Work to complete.
When you copy the listing, reproduce each line as it appears and omit every image.

Given information.
┄┄┄┄┄┄┄┄┄┄
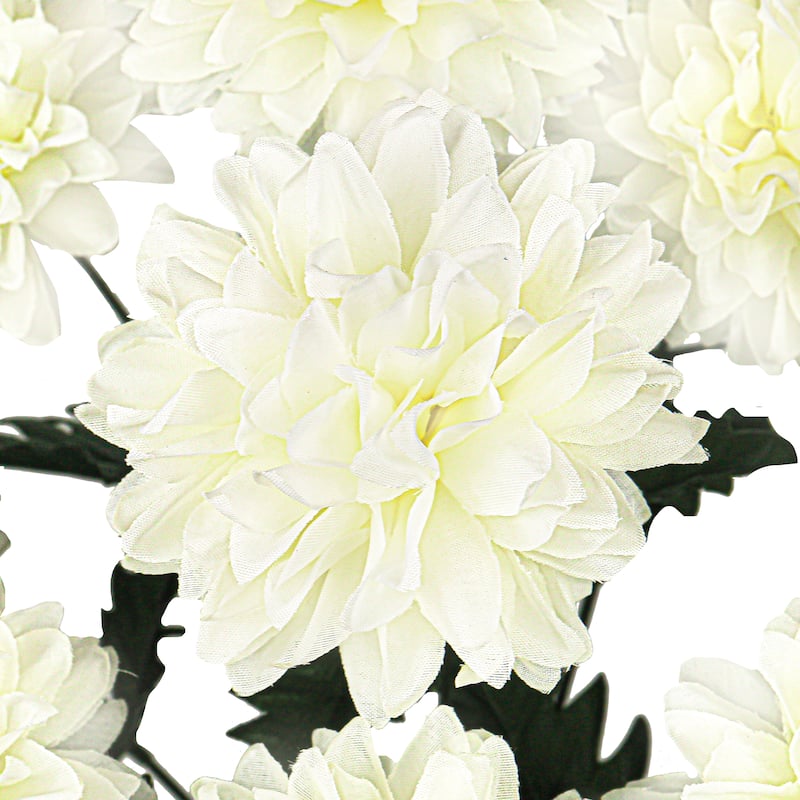 Set of 2 Cream White Artificial Ball Mum Pom Pom Flower Stem Bush Bouquet 22in - 22" L x 10" W x 10" DP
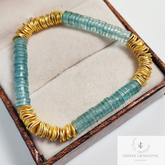 Aqua Blue & Gold Heishi Bead Bracelet - Heishi Bracelets - Heishi Stacking Bracelets - Stretchable Bracelets, Gift For Wife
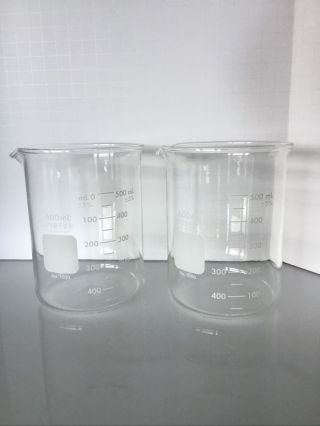 Vintage Pyrex 1000 Ml Beakers Set Of 2 Laboratory Chemistry Glassware No.  1000 Hh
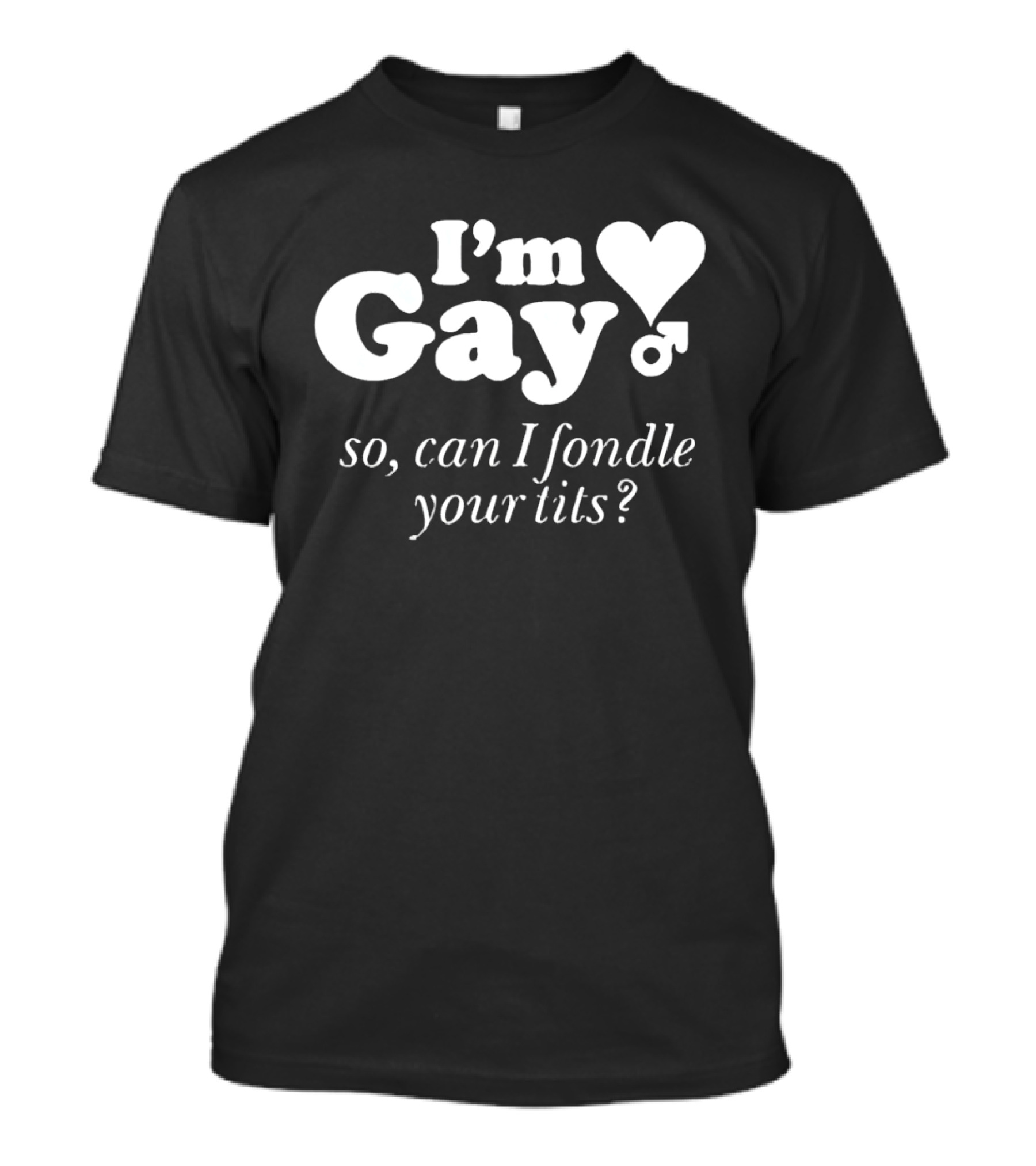 I'm Gay So Can I Fondle Your Tits Heart Symbol And Male T-Shirt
┄┄┄┄┄┄┄┄┄┄
Solution for this task.
 Set of 2 Cream White Artificial Ball Mum Pom Pom Flower Stem Bush Bouquet 22in - 22" L x 10" W x 10" DP
 Aqua Blue & Gold Heishi Bead Bracelet - Heishi Bracelets - Heishi Stacking Bracelets - Stretchable Bracelets, Gift For Wife
 Vintage Pyrex 1000 Ml Beakers Set Of 2 Laboratory Chemistry Glassware No.  1000 Hh
 I'm Gay So Can I Fondle Your Tits Heart Symbol And Male T-Shirt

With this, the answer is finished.